The block supports flat neighborhoods of up to 32-by-32 pixels. To use a structuring element, set the Neighborhood parameter to getnhood (Image Processing Toolbox)(strel (Image Processing Toolbox)(shape)), where shape is specified by the input arguments to the strel (Image Processing Toolbox) function. The minimum neighborhood size is a 2-by-2 matrix, or a 2-by-1 column vector. If the neighborhood is a row vector, it must be at least 8 columns wide and contain no zeros.

Size of the line memory buffer, specified as a positive integer. Choose a power of two that accommodates the number of active pixels in a horizontal line. If you specify a value that is not a power of two, the buffer uses the next largest power of two.

The block allocates (n – 1)-by-Line buffer size memory locations to store the pixels, where n is the number of lines in the Neighborhood parameter value.

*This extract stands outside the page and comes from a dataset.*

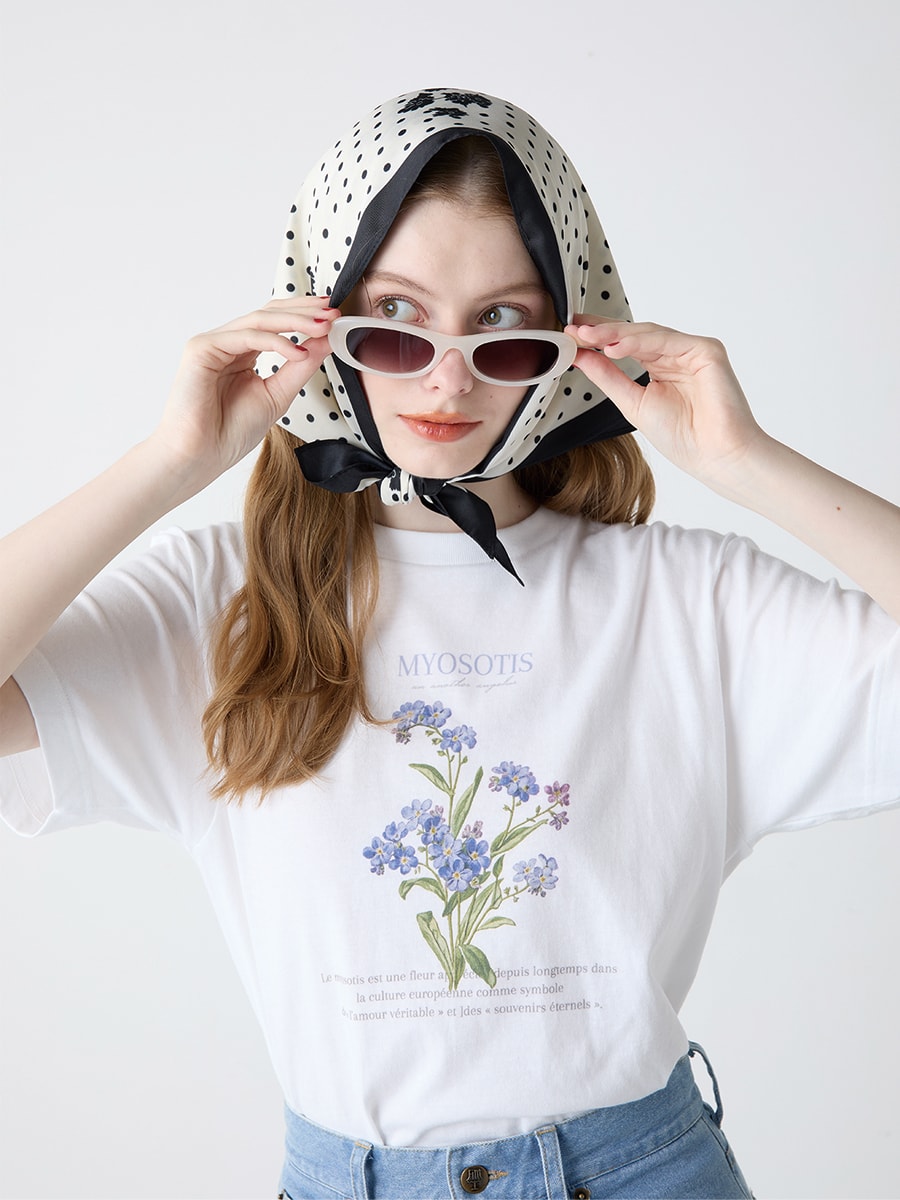 フラワープリントTシャツシリーズ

  • When you use a block with an internal line buffer inside an Enabled Subsystem (Simulink), the enable signal pattern must maintain the timing of the pixel stream, including the minimum blanking intervals. If the enable pattern corrupts the timing of the pixel stream, you might see partial output frames, corrupted pixel stream control signals, or mismatches between Simulink® and HDL simulation results. You may need to extend the blanking intervals to accommodate for cycles when the enable is low. For more information, see Configure Blanking Intervals.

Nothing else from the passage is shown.